**Working data:**
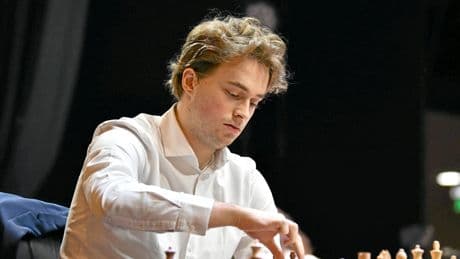 Schach | Vincent Keymer beim Grand Swiss: Feuerwerk auf dem Schachbrett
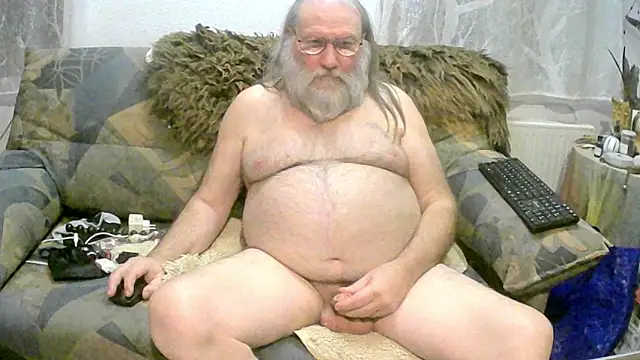 SexySantaC online show from January 4, 7:55 pm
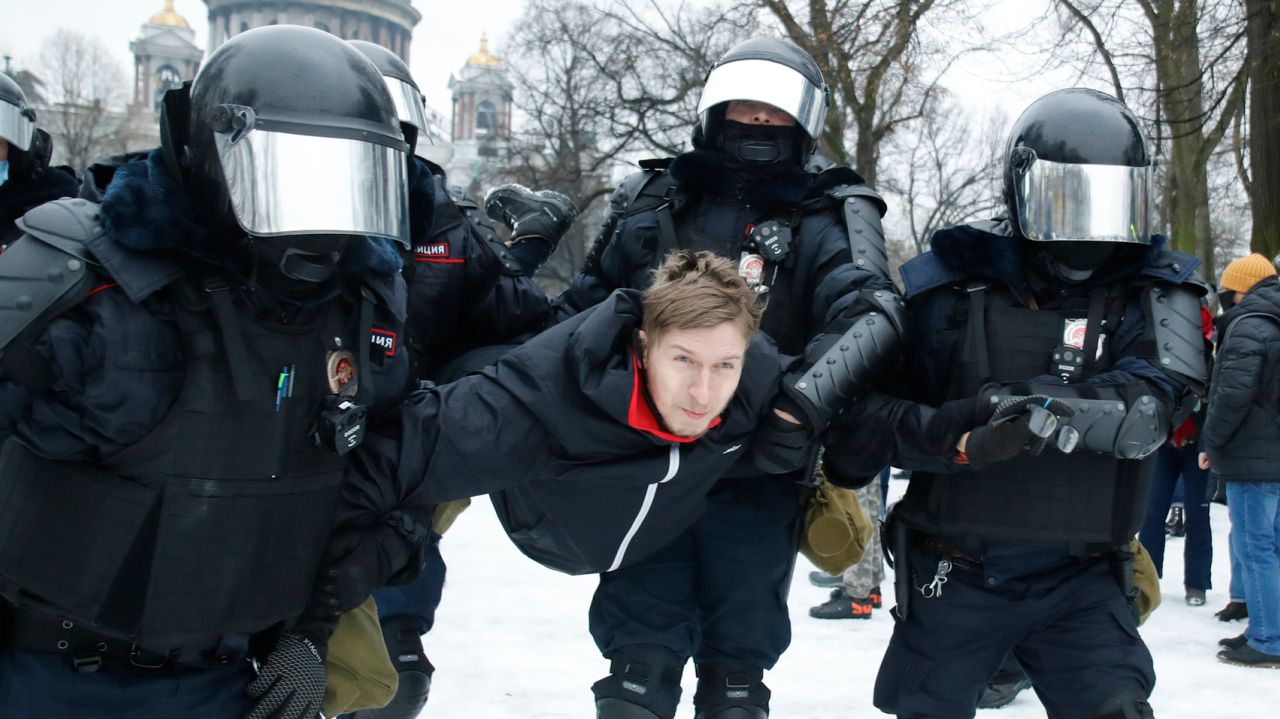 Russia arrests 350 protesters demanding Navalny's
release 1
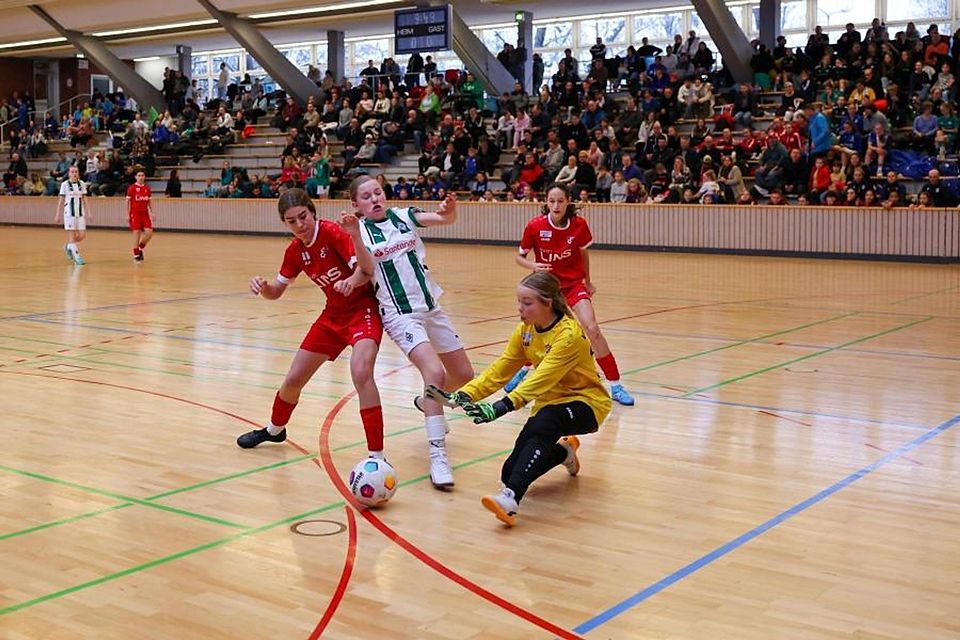 Leidenschaftlicher Hallenfußball vor gut gefüllten Rängen am Elsässer Platz, hier mit den U15-Juniorinnen von Borussia Mönchengladbach und AKA Vorarlberg aus Österreich im vergangenen Jahr, darauf freut sich Turnier-Initiator Rainer Wagner wiederum für 2026.	 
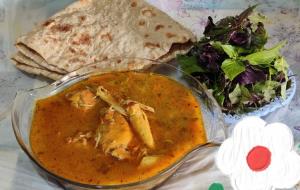 از شما/تایم ناهار،سوپ مرغ،نان تازه پخت خونگی وسبزی تازه،نوش نگاهتان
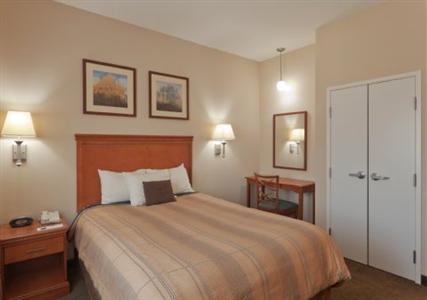 Candlewood Suites Pearl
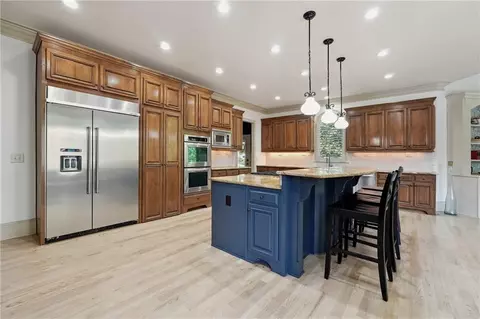 Kitchen - 16580 Quayside Dr, Milton, GA 30004 photo 3 of 5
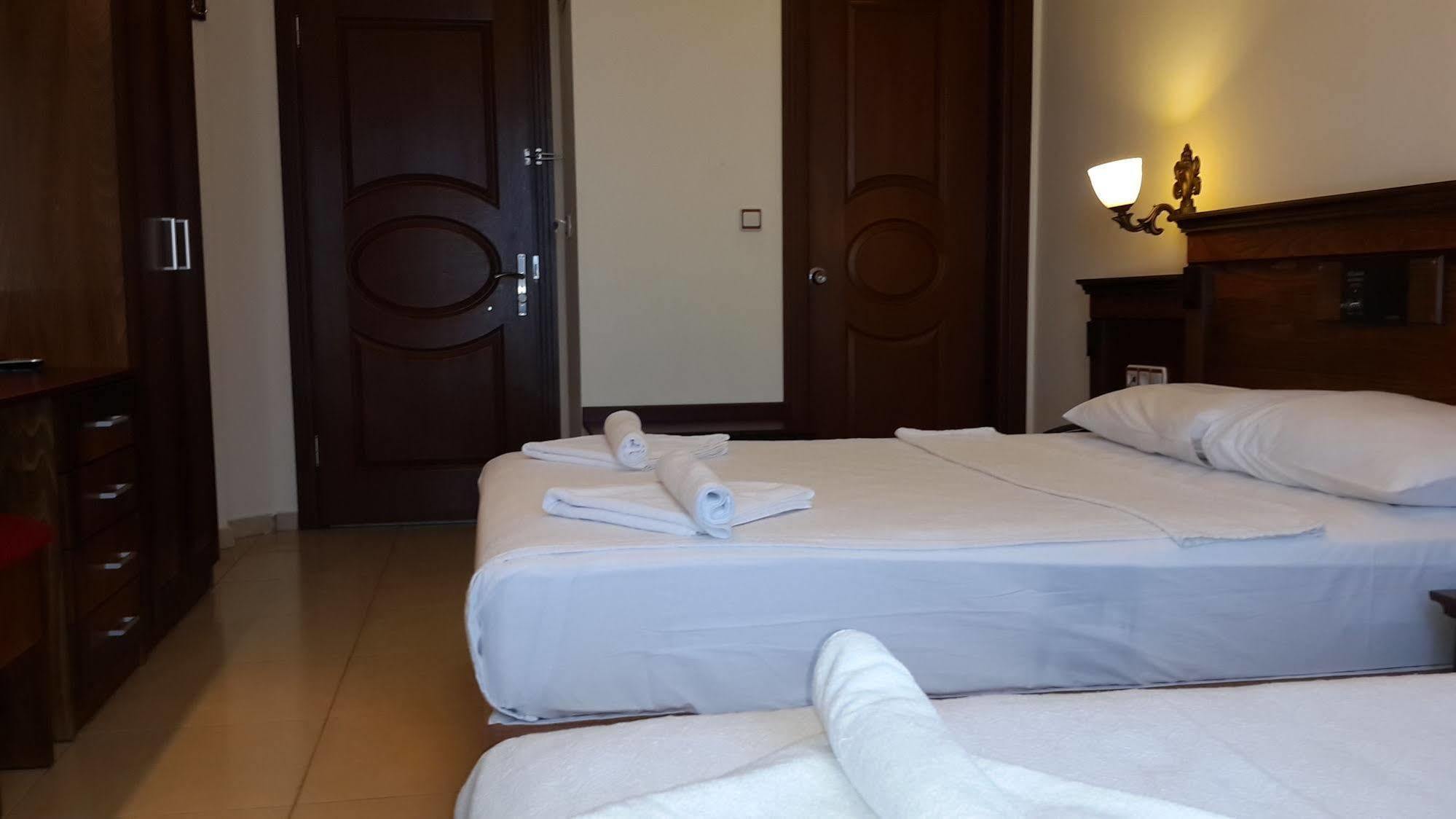 Adaburnu Golmar Hotel Emecik Exterior photo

**Try it:** Nothing but the lines from the line containing "Kitchen - 16580" through the last line of the material may be output, and they must be copied exactly, without pictures.

**Answer section:**
 Kitchen - 16580 Quayside Dr, Milton, GA 30004 photo 3 of 5
 Adaburnu Golmar Hotel Emecik Exterior photo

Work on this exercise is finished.